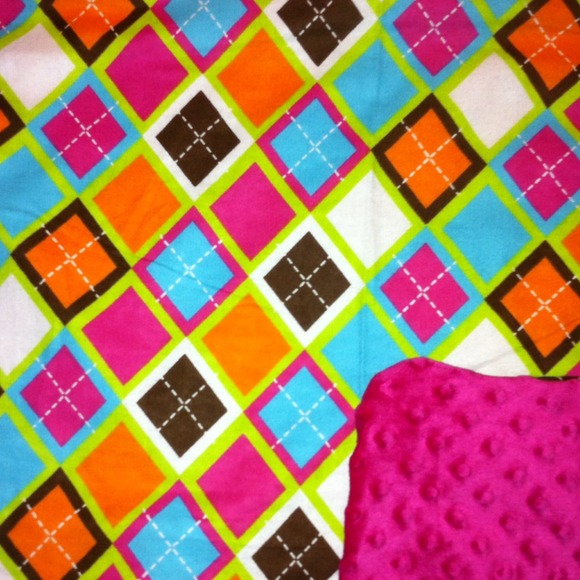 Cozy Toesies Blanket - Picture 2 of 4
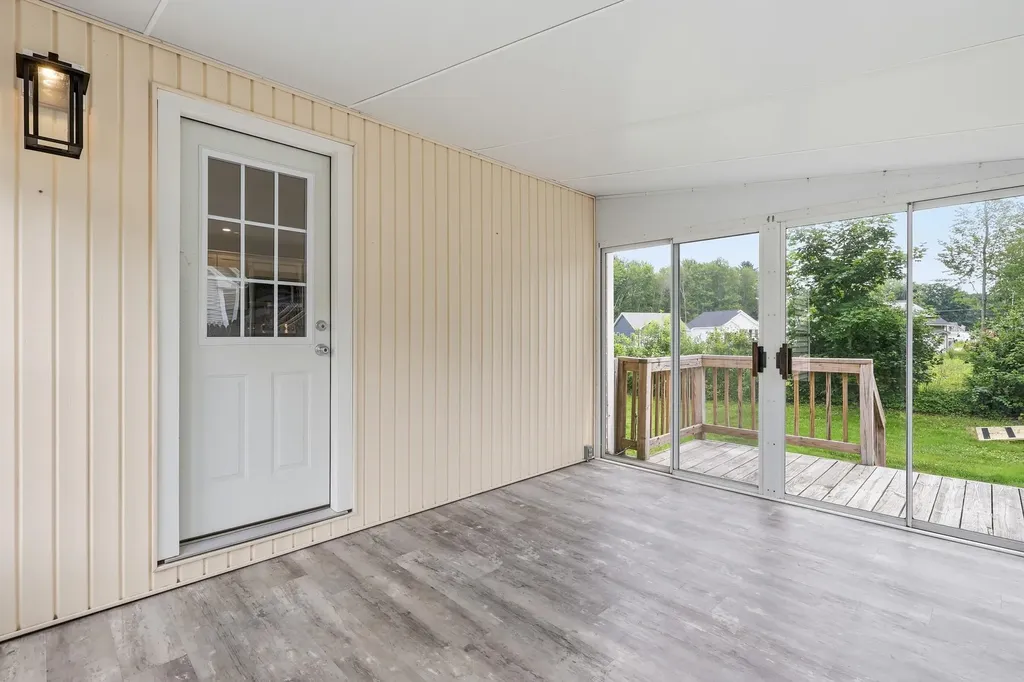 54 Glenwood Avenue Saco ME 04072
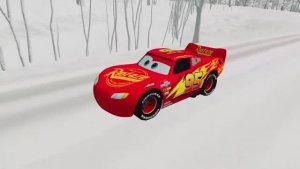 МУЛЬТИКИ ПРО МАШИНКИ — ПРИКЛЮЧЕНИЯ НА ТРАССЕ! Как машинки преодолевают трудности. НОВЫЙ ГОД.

...

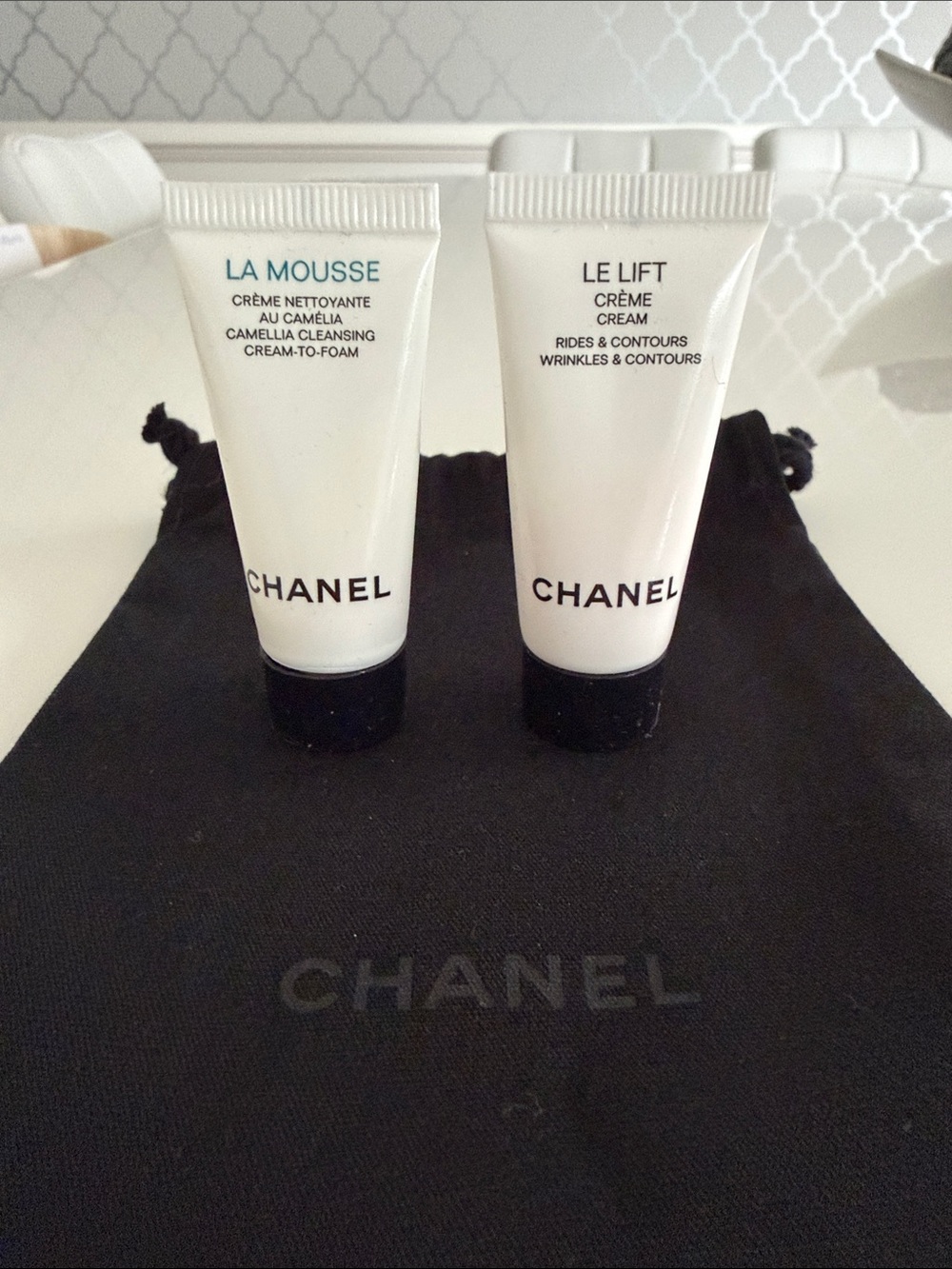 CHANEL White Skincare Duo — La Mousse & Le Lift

...

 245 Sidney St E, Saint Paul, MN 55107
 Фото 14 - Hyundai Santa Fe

- What to work on: Write down, word for word, the lines above from the one containing "245 Sidney St E, Saint Paul, MN 55107" through the one containing "Фото 14 - Hyundai Santa Fe", both ends included.

- Answer box:
 245 Sidney St E, Saint Paul, MN 55107
 Фото 14 - Hyundai Santa Fe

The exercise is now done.